** WHAT IS EXPECTED **
Everything in the records below except the images should be output exactly as written.

________________________________________

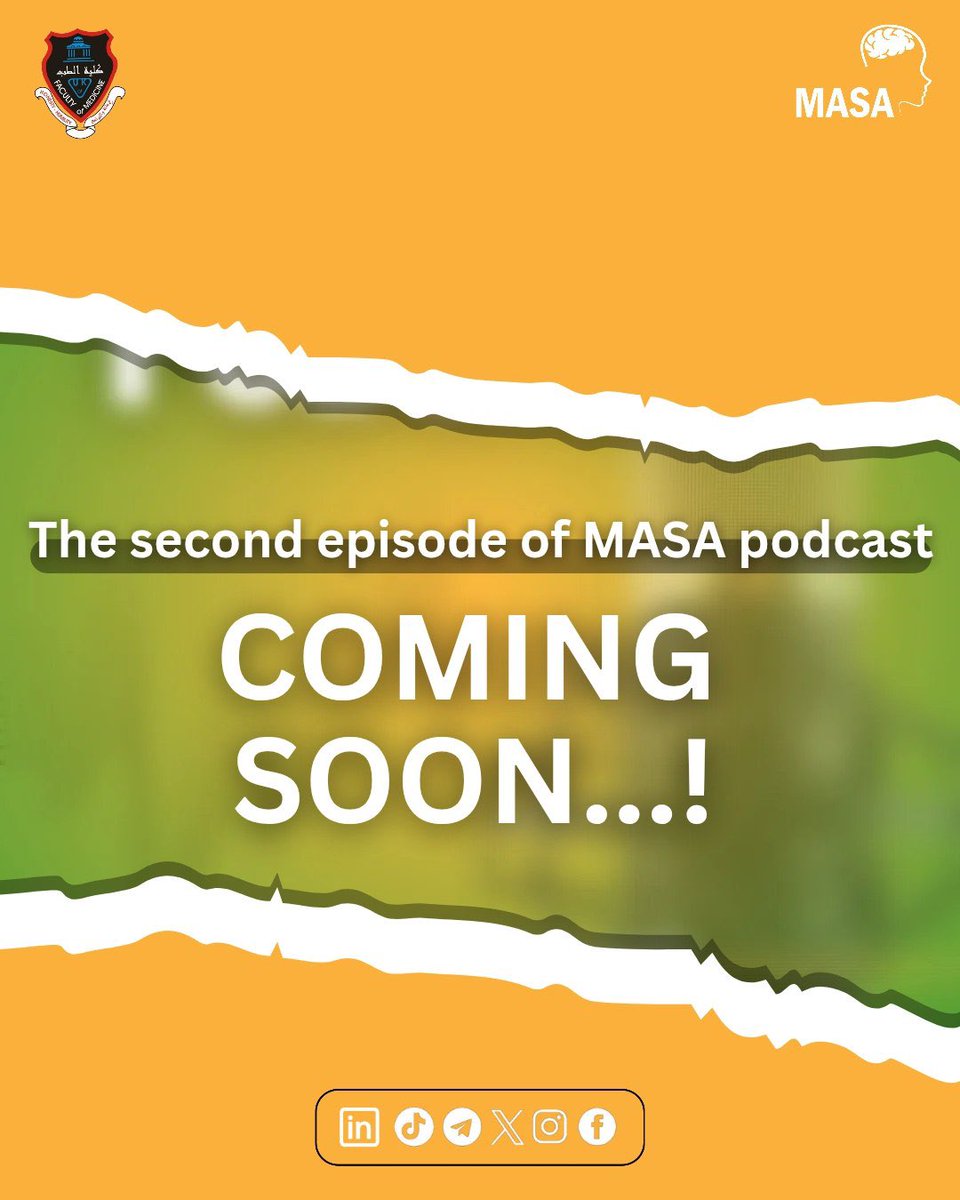 🔸أصدقاء ماسا الأعزاء، انتظرونا في الحلقة الثانية من بودكاست ماسا:كيف تصمد وانت داخل حلة بريستو ؟

🔸قريــــبًا

#MASA 
#MASA_Podcast 
#KMSA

________________________________________

** YOUR RESPONSE **
 🔸أصدقاء ماسا الأعزاء، انتظرونا في الحلقة الثانية من بودكاست ماسا:كيف تصمد وانت داخل حلة بريستو ؟

🔸قريــــبًا

#MASA 
#MASA_Podcast 
#KMSA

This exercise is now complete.